Stored dataset items
************

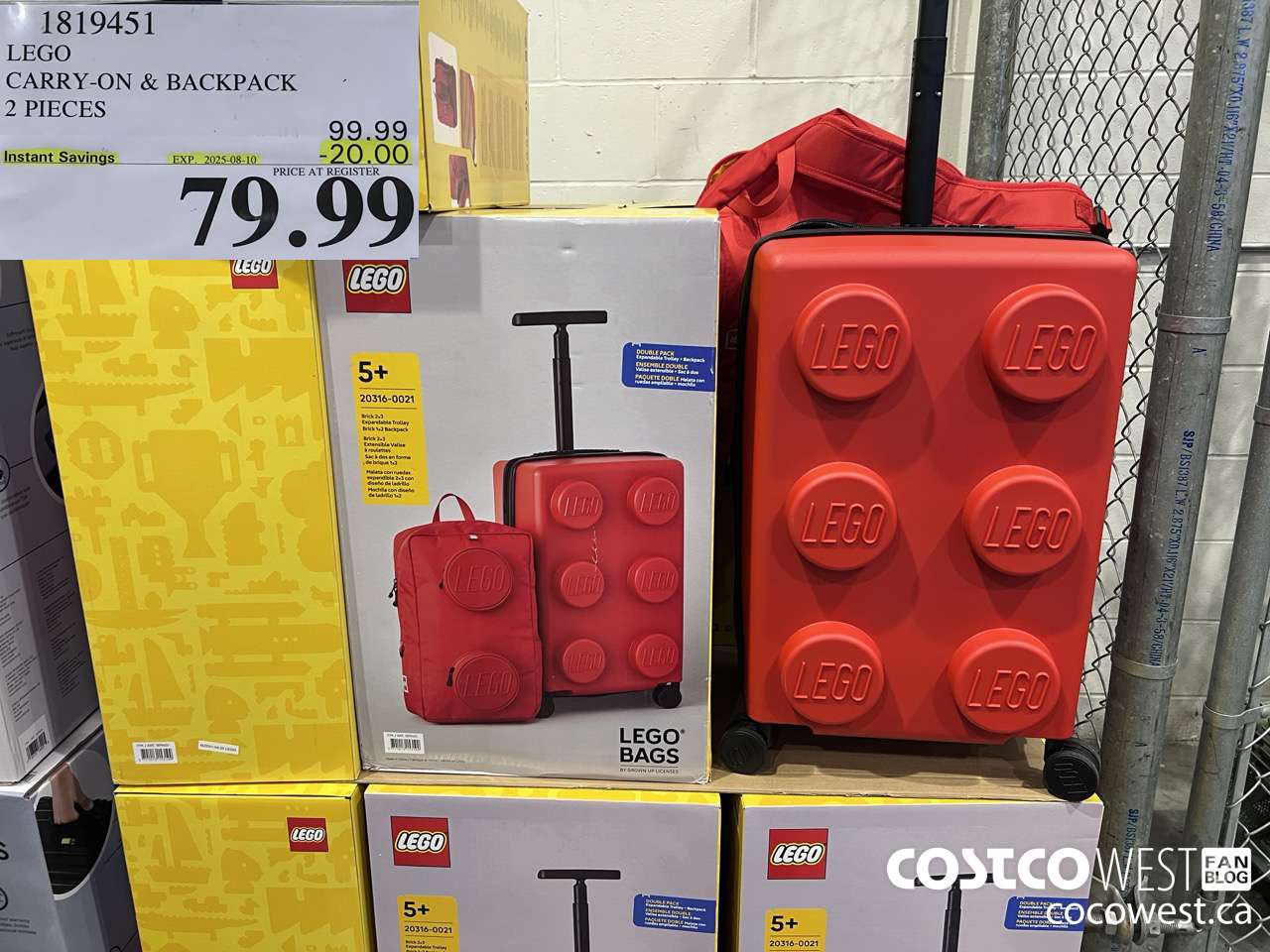 1819451 LEGO EXPANDABLE TROLLEY & BACKPACK LUGGAGE SET ($20.00 INSTANT SAVINGS EXPIRES ON 2025-08-10) $79.99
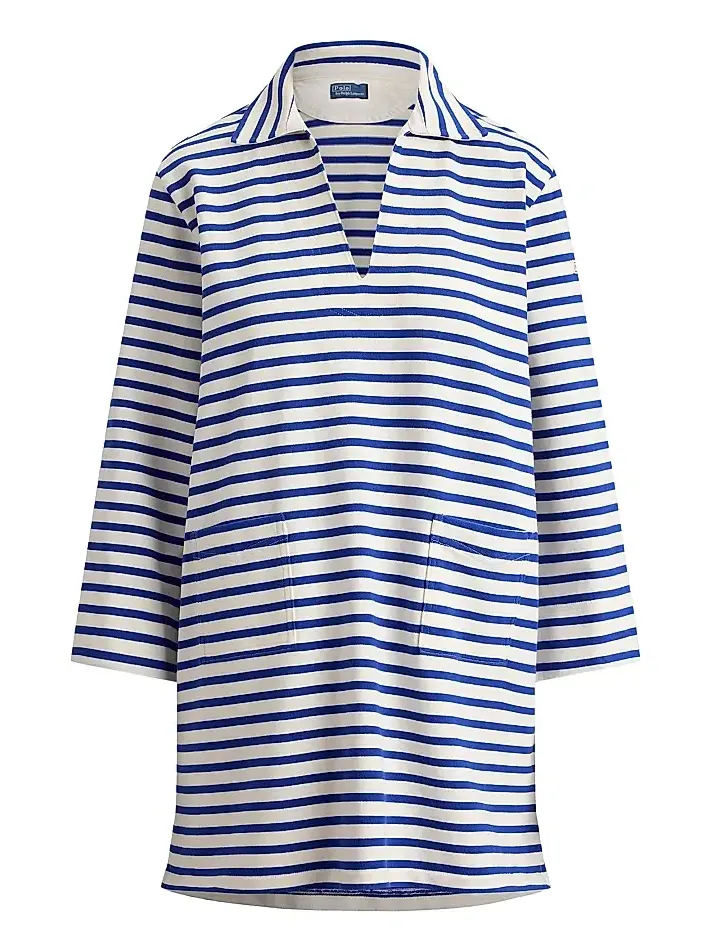 Women's Striped Cotton Mini-Shirtdress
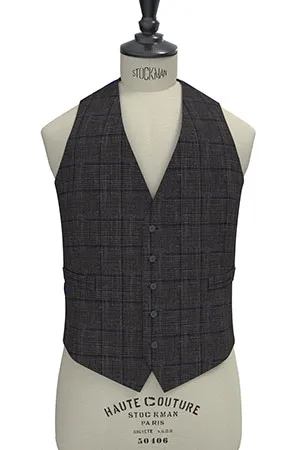 WOOL&LINEN　グレー×ネイビー格子(MK102887)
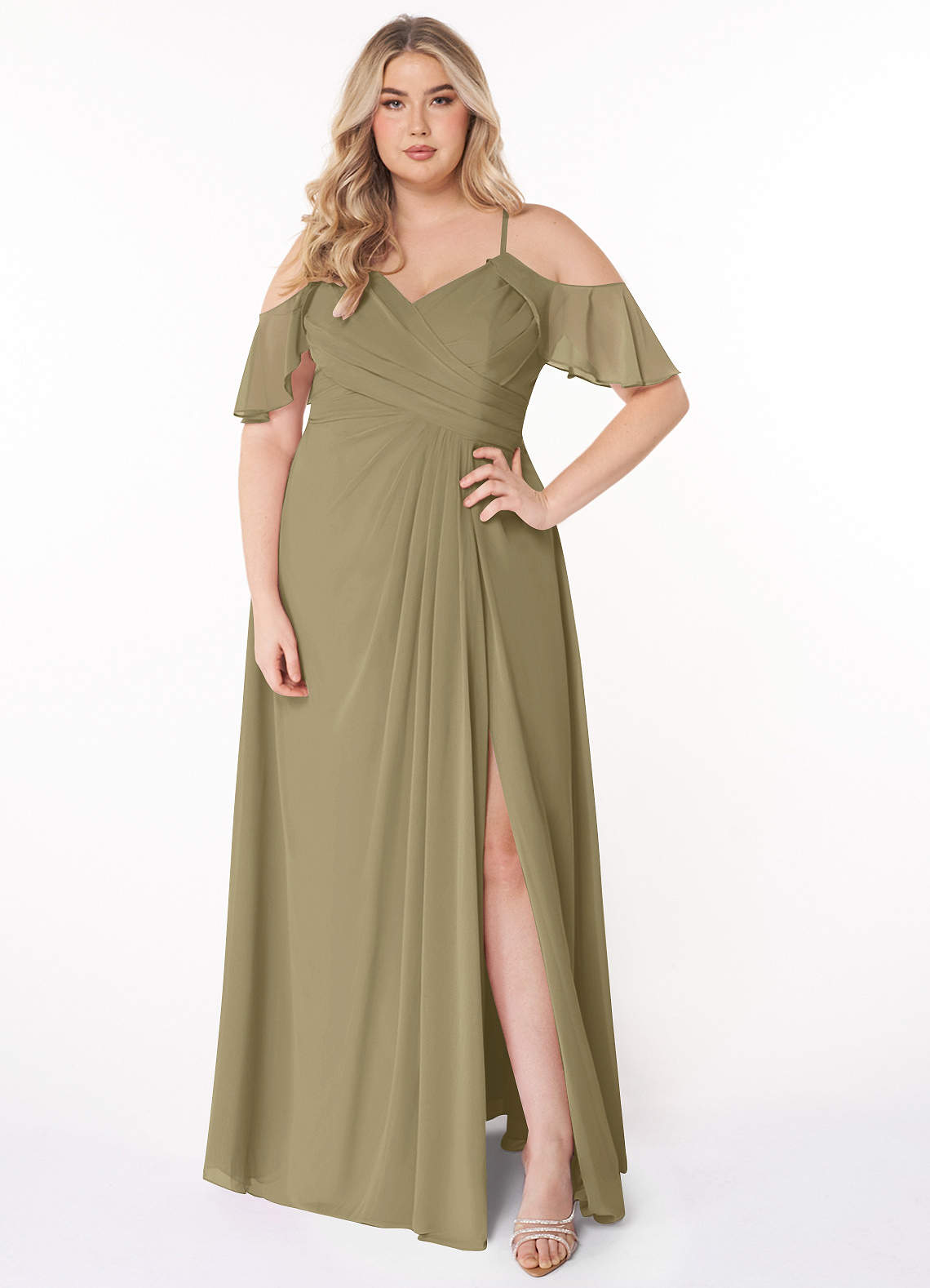 Azazie Dakota Bridesmaid Dresses Moss Green A-Line V-Neck Pleated Chiffon Dress image1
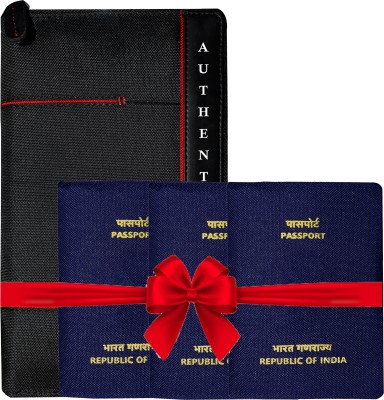 VEGAN RFID Protected Passport||Card||Clutch Holder for Men & Women(Black)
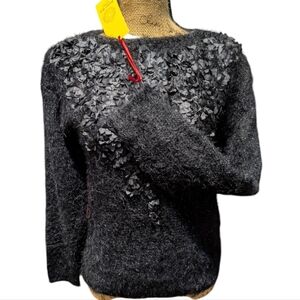 NWT Ruby Rd. Black Flower Cascade Slightly Sparkling Black Sweater In Size PL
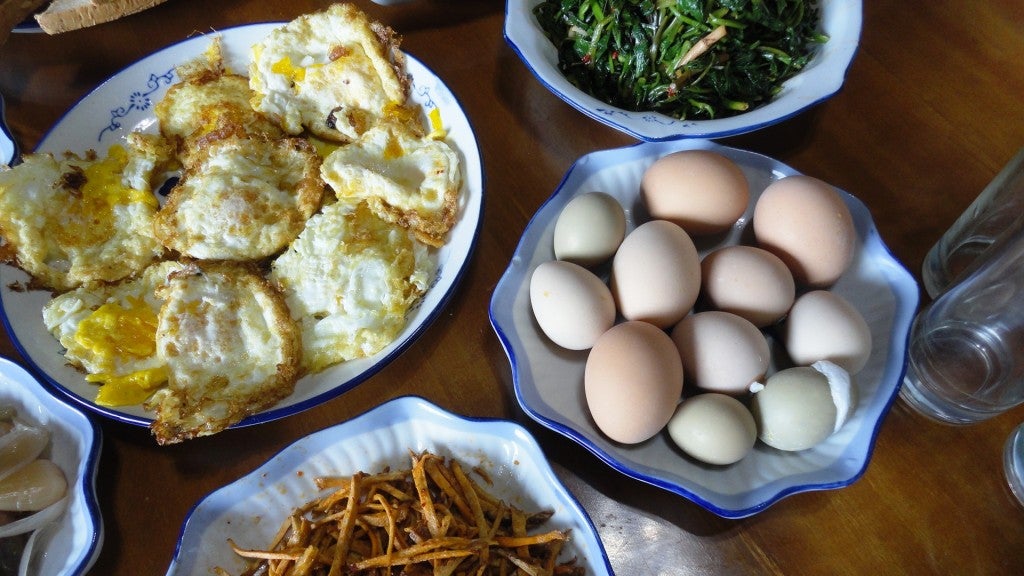 Breakfast at Daping Village near Chengdu, Sichuan Province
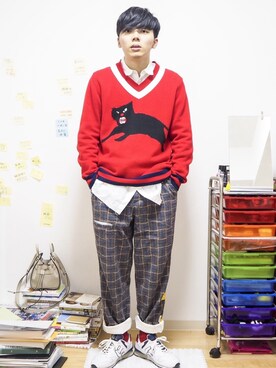 「school」｜うるぐすさん（メンズ・171cm）の冬コーディネート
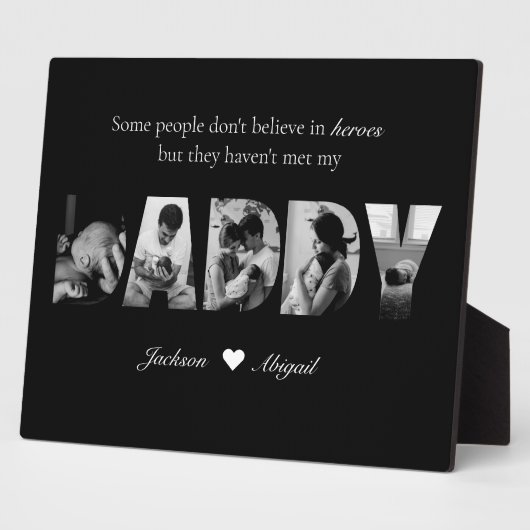 黒と白のパパ写真コラージュ記念ギフト フォトプラーク (側面)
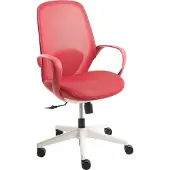 Beliani Bürostuhl Rot Netzstoff Atmungsaktiv Drehbar Höhenverstellbar mit Armlehnen Wippfunktion Moderner Computer Drehstuhl für Homeoffice Büro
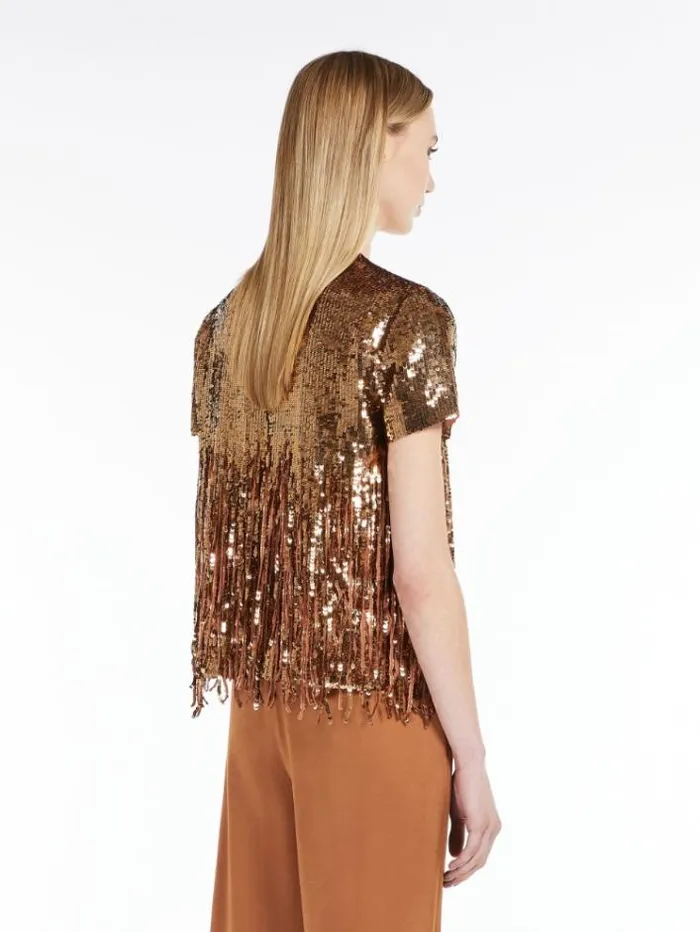 Woman Sequin And Fringedetail Blouse Tobacco Maxmara Shirts And Tops Woman Sequin And Fringedetail Blouse Tobacco Maxmara Shirts And Tops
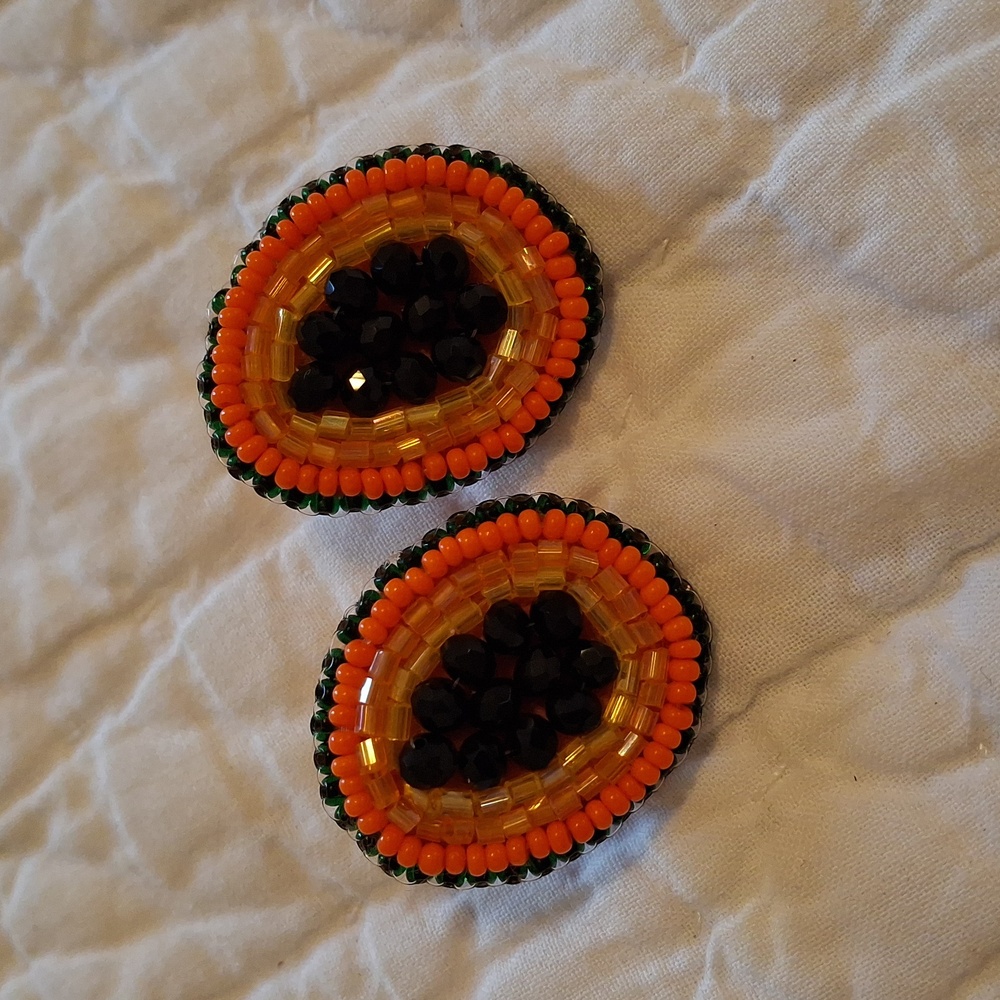 Beaded Papaya Stud Earrings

************

● **Task instructions**:
Pictures aside, set down the lines from the one containing "NWT Ruby Rd." through the end of the records above, exactly and only those.

● **Expected answer**:
 NWT Ruby Rd. Black Flower Cascade Slightly Sparkling Black Sweater In Size PL
 Breakfast at Daping Village near Chengdu, Sichuan Province
 「school」｜うるぐすさん（メンズ・171cm）の冬コーディネート
 黒と白のパパ写真コラージュ記念ギフト フォトプラーク (側面)
 Beliani Bürostuhl Rot Netzstoff Atmungsaktiv Drehbar Höhenverstellbar mit Armlehnen Wippfunktion Moderner Computer Drehstuhl für Homeoffice Büro
 Woman Sequin And Fringedetail Blouse Tobacco Maxmara Shirts And Tops Woman Sequin And Fringedetail Blouse Tobacco Maxmara Shirts And Tops
 Beaded Papaya Stud Earrings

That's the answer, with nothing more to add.